Le professeur 'Abdelmajid Charfi a écrit sur cette question les phrases suivantes : "C'est ainsi que la dimension subversive du message a été occultée et qu'au contraire son aspect légaliste a été mis en exergue et généralisé jusqu'à dominer les autres aspects : spirituel, métaphysique, éthique, historique, conjoncturel, voire politique. Il va sans dire que la prédominance du légalisme ne s'est pas faite d'un seul coup, ni par une décision autoritaire et consciente de toutes ses répercussions. C'est par à-coup et progressivement qu'il s'est imposé et c'est ce qui explique que le droit musulman, même constitué dans les constructions structurées des écoles de jurisprudence (madhab), est une casuistique, une étude de cas. Il n'en reste pas moins que l'impulsion a été donnée très tôt après la mort du prophète et particulièrement depuis le règne du deuxième Calife, 'Umar. La communauté musulmane primitive avait manifestement besoin d'une légitimation religieuse des liens nouveaux qui unissaient ses membres et de l'organisation étatique nouvelle à laquelle ils se soumettaient, au-delà de l'organisation tribale rudimentaire et spontanée à laquelle ils étaient habitués, mais sans rupture avec elle. Il n'est pas exclu, par ailleurs, qu'elle ait pu emprunter des éléments de ce légalisme aux Juifs de Médine, en l'absence de communauté chrétienne aussi importante qui aurait pu offrir une autre alternative." ("Islam pluriel", collectif, CNRS Edition; 1996, 14-15).

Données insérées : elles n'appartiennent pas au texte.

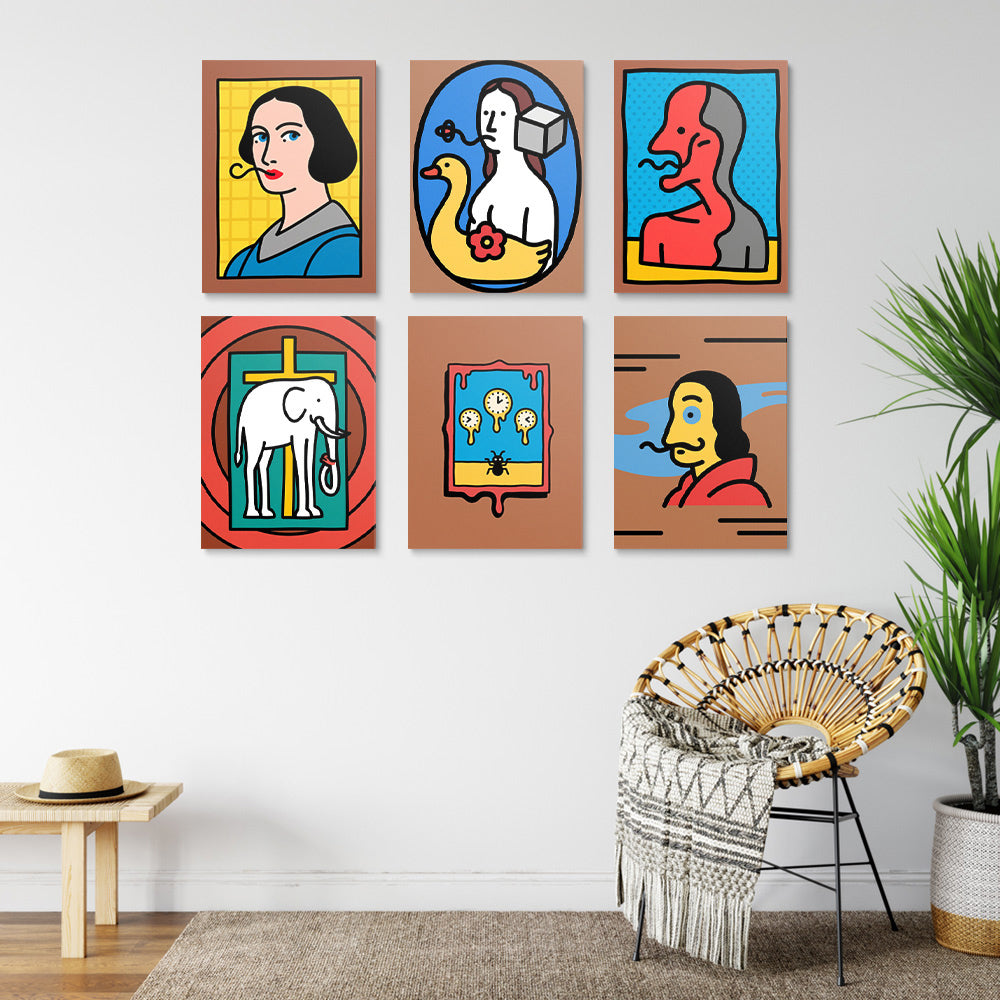 Dali's Works 6 Pieces Mini Paint by Numbers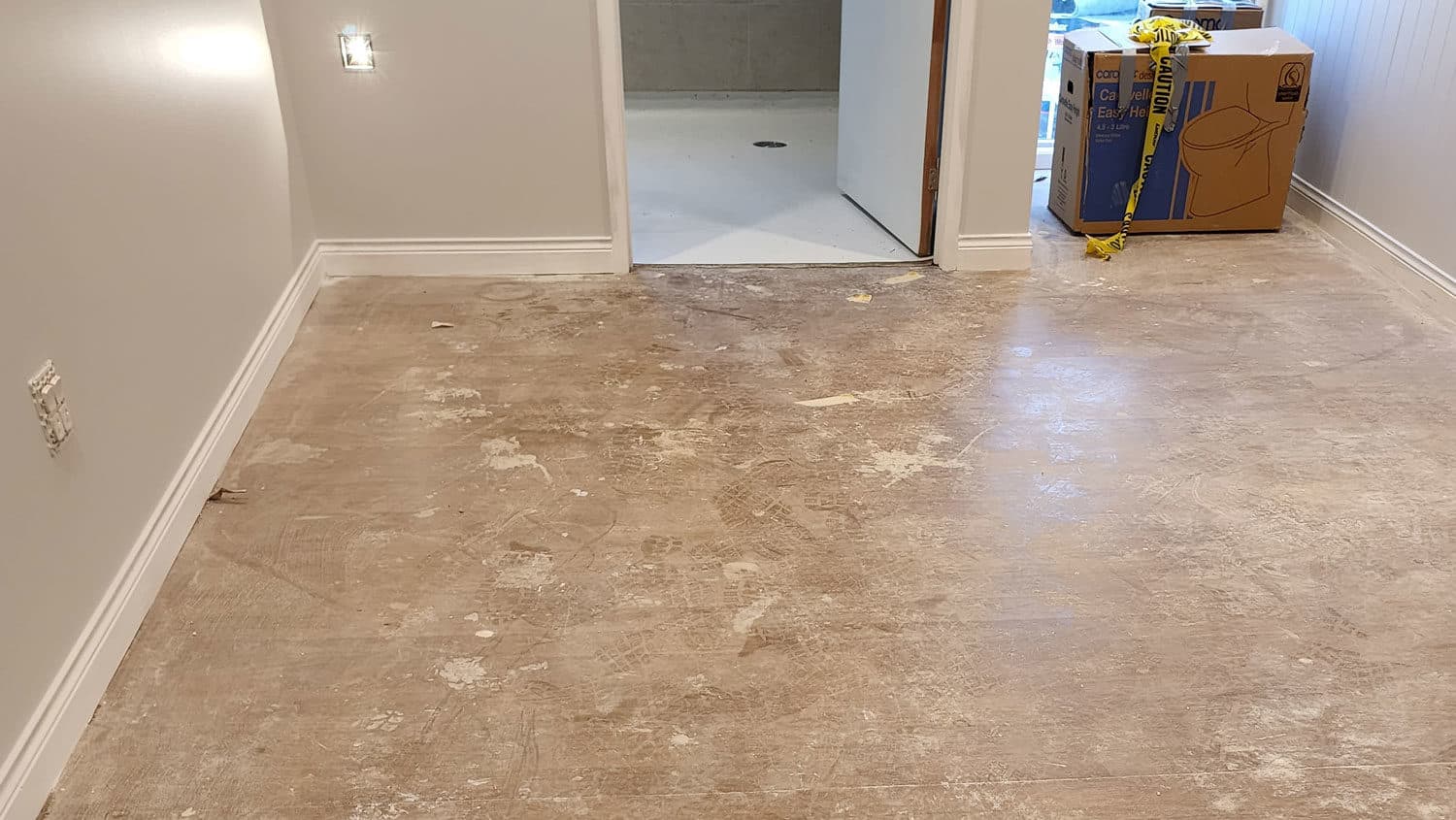 Floor Scrubbing before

Cette longue citation situe assez bien notre problématique. Les dimensions légaliste, législative et juridique du Coran représentent quantitativement à peine 3 ou 4% de l'ensemble des versets du corpus (environs entre 220 et 250 sur un total de plus de 6200). La vie religieuse du croyant, en Islam, ne saurait être épuisée par ces aspects particuliers de la révélation. D'ailleurs, il existe dans le champ théologique musulman, une discipline qui se consacre à l'étude des conditions de la "descente de la révélation", c'est-à-dire qui tente de situer le contexte social, géographique et temporel dans lequel le Prophète a reçu les saints versets et les a offerts à ses auditeurs. Cette science islamique a permis de montrer que l'essentiel du légalisme et du juridisme du Coran est tributaire de la période médinoise de la révélation (de 622 à 632), autrement dit de la période ou le Prophète est devenu l'organisateur d'une nouvelle Cité. Le légalisme coranique est donc intimement dépendant de la construction sociale, économique et politique d'un cadre restreint (Médine). Or, très vite, les premiers musulmans ont ressenti les limites de ce cadre, en particulier pour la gestion des fruits de la conquête territoriale et la structuration de tout un empire : le centre s'est donc déplacé de Médine à Damas. C'est dire que le légalisme coranique n'a pas la pleine universalité que certains voudraient lui conférer. Et cela est d'autant plus vrai, que l'insistance de certains à mobiliser leur attention sur ces aspects formalistes, se fait au détriment des autres dimensions de la révélation divine.

En conclusion, nous nous contenterons de souligner la chose suivante : l'infinitude du Coran (son illimitation) est la marque, pour un musulman, de son origine supra-humaine et divine. Le Dieu de l'Islam demeure, dans son essence et sa nature, dans un horizon de solitude, d'indicibilité et de pure transcendance. Il y a en Islam une authentique théologie négative et apophatique ; l'homme ne peut produire aucun langage qui puisse cerner l'infinitude de Dieu, circonscrire l'inédit de sa présence au monde, épuiser son immanence. Les théologies définitives, les pensées religieuses closes et exclusives, les Sommes et Commentaires qui prétendent avoir l'empreinte de l'Absolu trahissent l'élan prophétique des premiers jours de toutes les révélations.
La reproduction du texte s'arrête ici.